With the mounting bills and debts of a student on a limited income, it might seem impossible to continue pursuing your education. Many attending school struggle with bad credit and wonder if it is possible to qualify for additional student loans with less than stellar credit. The trend these days is for people to return to school to advance their careers and seek greater opportunities. But what if your credit wasn’t great to start with?

Yes, you can get some forms of student loans with your bad credit, though you are not eligible for every kind of loan. Your best bet would be federal student loans. You can obtain a federal student loan with or without credit history. With a credit score between 300 and 629, you are eligible for:

  • Federal loans
  • Private loans from lenders that do not require credit or co-signer
  • Private loan backed by co-signer possessing a good credit.

Federal Direct Student Loan

Federal loans do not depend on the borrower’s credit history, but there are some limits on how much money one can borrow under the terms of a federal loan.

To apply for federal loan as a student, you need to fill the Free Application for Federal Student Aid (FAFSA). This will allow you to learn which loans are eligible for your program.

Federal loans are either subsidized or unsubsidized. For subsidized loans, the interests are paid by the government on behalf of the student within the loan period. This is available only to students with proven financial need. For unsubsidized loan, the interests accumulate over the borrowing period to be repaid after graduation.

Federal loan repayment periods generally span 10-25 years with amounts up to $31,000 for undergraduates with parental assistance and $57,500 for undergraduates flying solo.

You are better off with federal direct loans not just because the process overlooks bad credit, but also because federal loans allow for generous flexibility in loan repayment with low fixed interest rates.

Private student loans

There are some good private student loan options available for students with bad credit but we highly encourage you to research the terms of repayment. Certain loan programs as Ascent and mPower may have especially generous repayment terms for those in the health care field.

Most private loans a have average limits between $75,000 and $120,000. Since some of them rely on credit history to award loans to students, you may need to obtain the consent of a qualified co-signer.  A co-signer is a person who doesn’t necessarily receive the proceeds of the loan, but agrees to be responsible for the repayment of the loan even when they receive no benefit from the loan itself.

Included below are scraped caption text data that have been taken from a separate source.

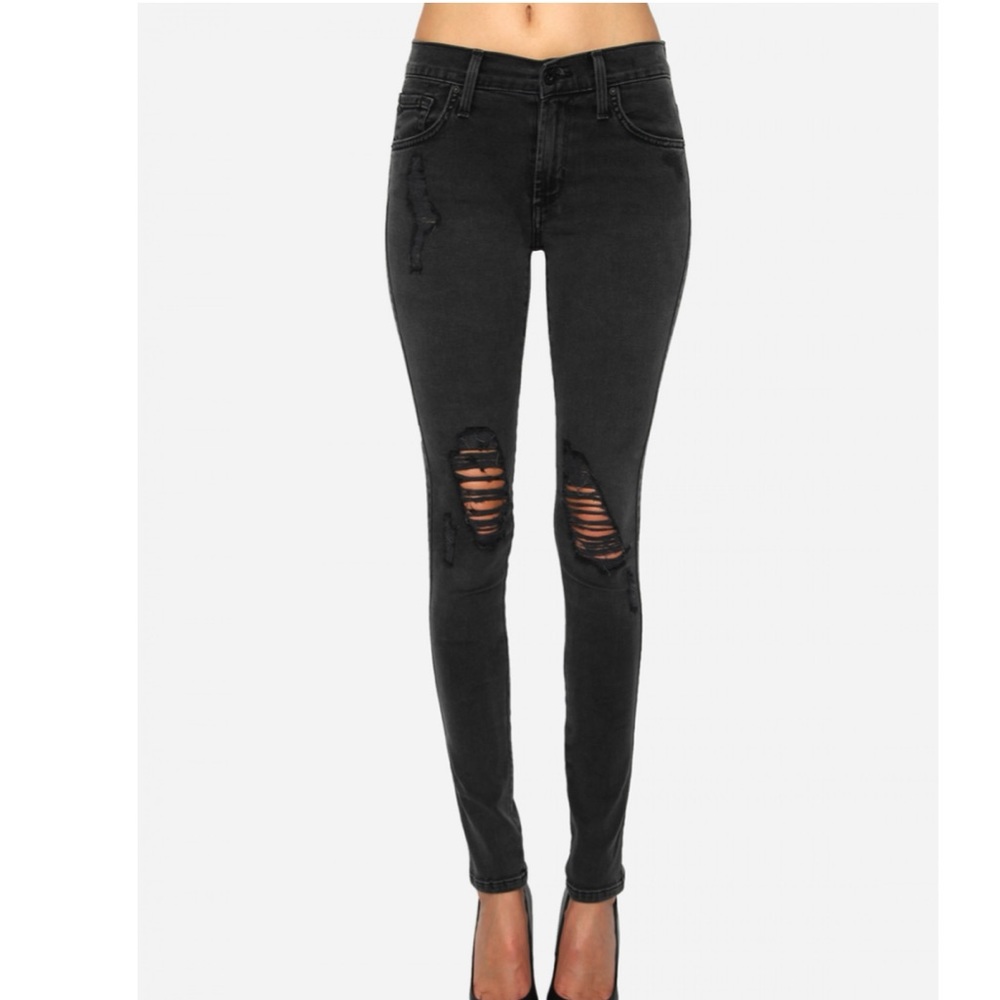 🖤 JAMES JEANS “Twiggy Slate Distressed Jeans”✨EUC ⭐️LIKE NEW⭐️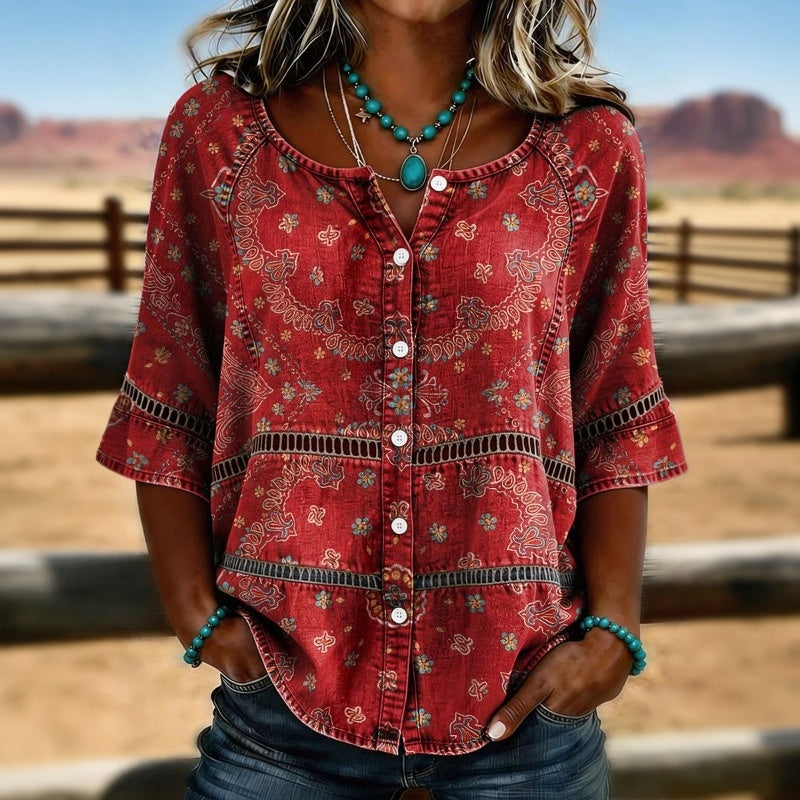 Arelis | Patterned Button Shirt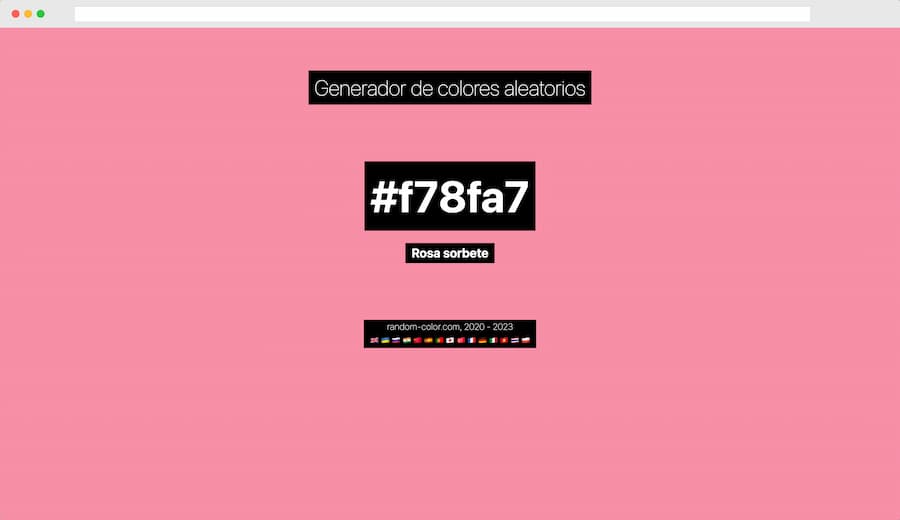 Random Color Generator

Also, be wary of the total amount you borrow in student loans. We have seen many people come through our doors who owe more in student loans than they do on their house!

Alternative student funding schemes

To make up for the inadequacy of the federal and private loans, a student can supplement his or her financial aid package with scholarships and work-study programs or borrowing from friends and family.

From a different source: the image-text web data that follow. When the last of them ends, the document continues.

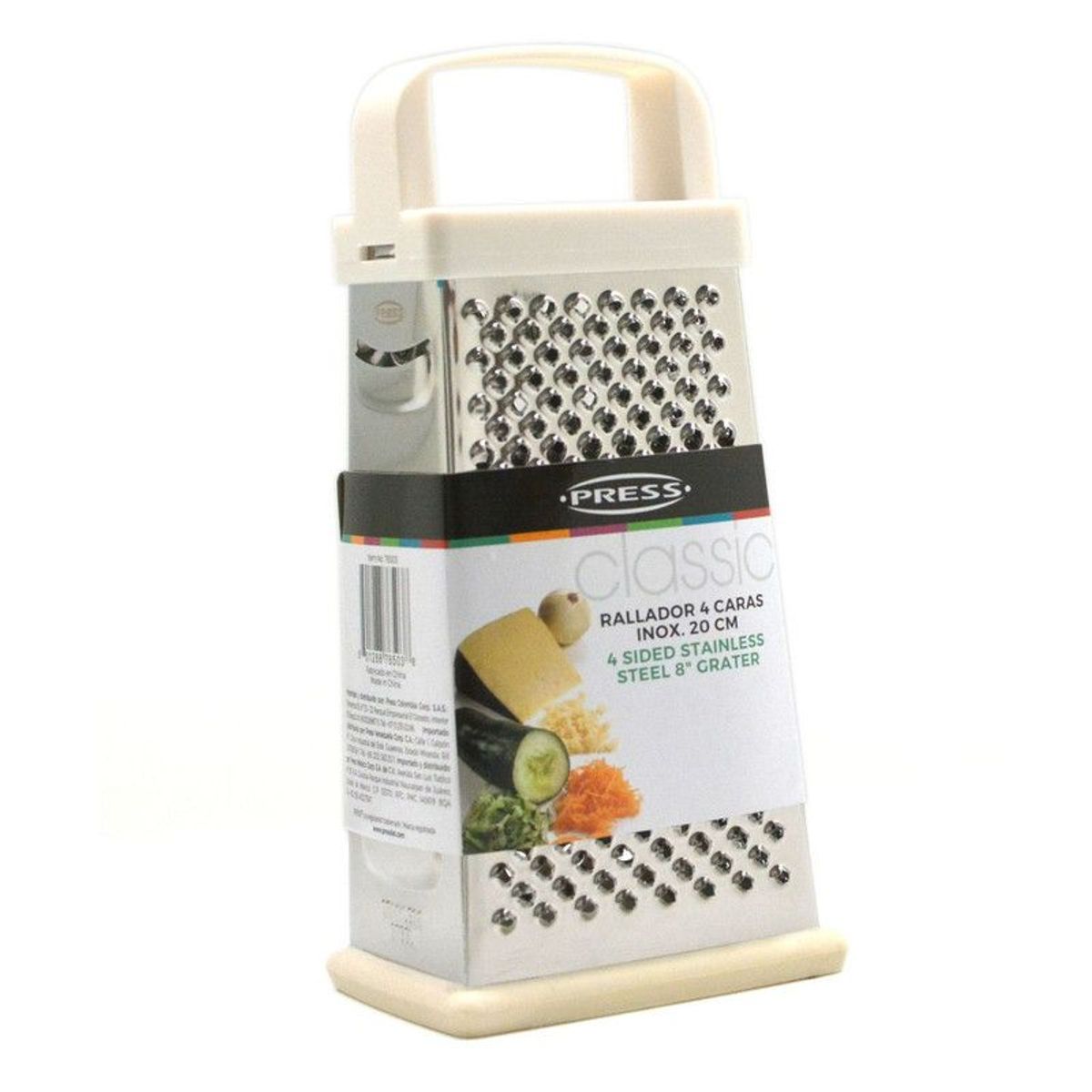 PRESS - Rallador Inoxidable 20cm Línea Classic - PRESS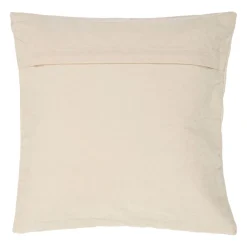 Housse de coussin en jute naturel et coton écru 45x45cm - Eté A La Mer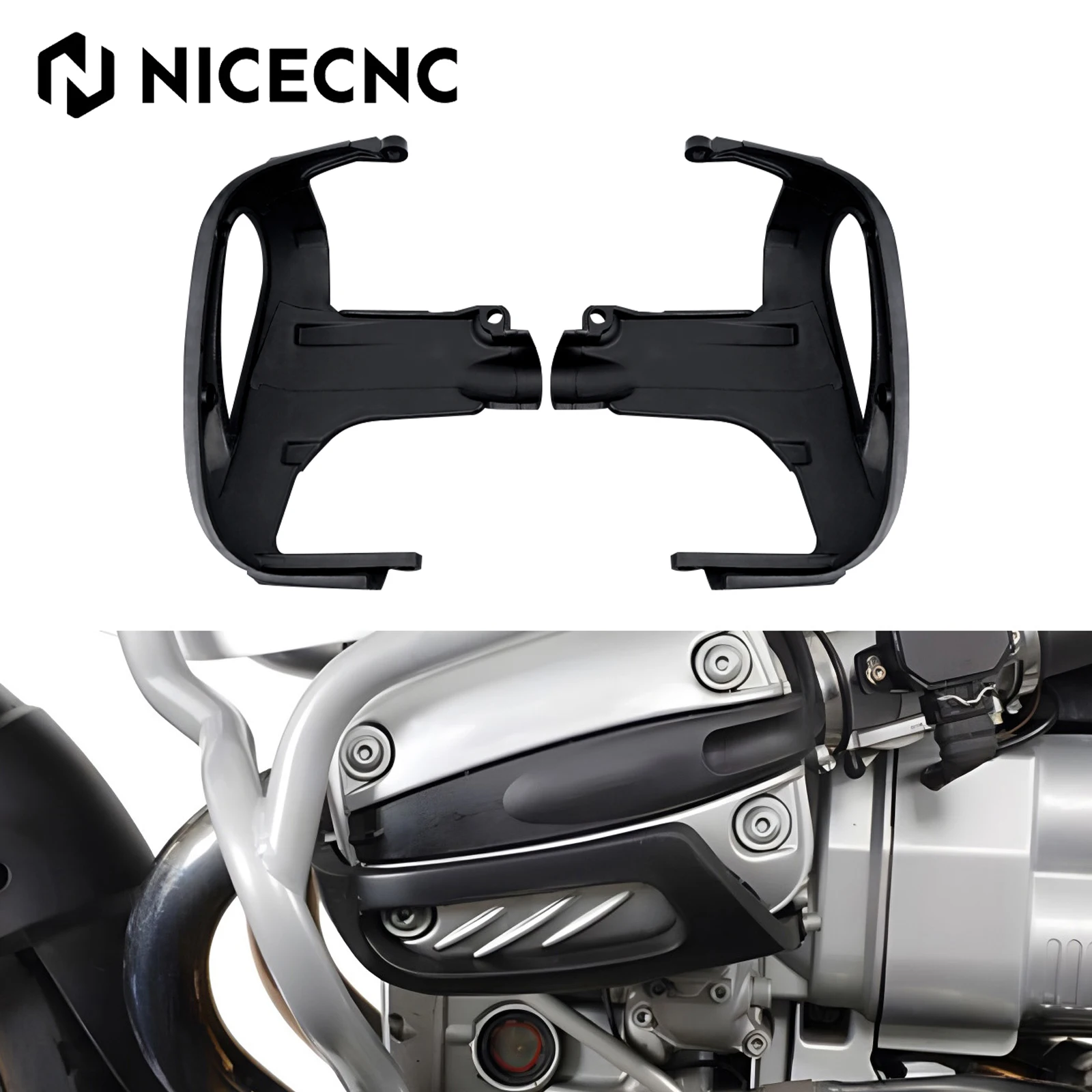 For 2004-2005 BMW R1150GS R1100GS Cylinder Head Guards Protector Engine Cover R1150 R1150R R1150RS R1150RT R1100S R1100GS 1150GS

There are other alternative financial aid programs which are more specific to a student’s field of study. Many schools and alumni choose to fund scholarships or student loan forgiveness programs in those fields which are hurting for skilled workers.

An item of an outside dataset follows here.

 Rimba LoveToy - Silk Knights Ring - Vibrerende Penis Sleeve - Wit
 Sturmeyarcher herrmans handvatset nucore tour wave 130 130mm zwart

The Loans for Disadvantaged Students, Health Professions Student Loans and Primary Care Loans are examples of programs aimed at assisting indigent students going into the health care field. Other programs exist for educators and those going into public sector jobs.

Having bad credit should not deter you from continuing your studies; you can find a way around your bad credit and still obtain your education, but we encourage you to avoid high interest rates associated with private education loans. You may need to change your spending pattern, learn how to legally improve your credit score or change the focus of your educational field to qualify for more attractive student loans. Some careful planning now will benefit you in the future.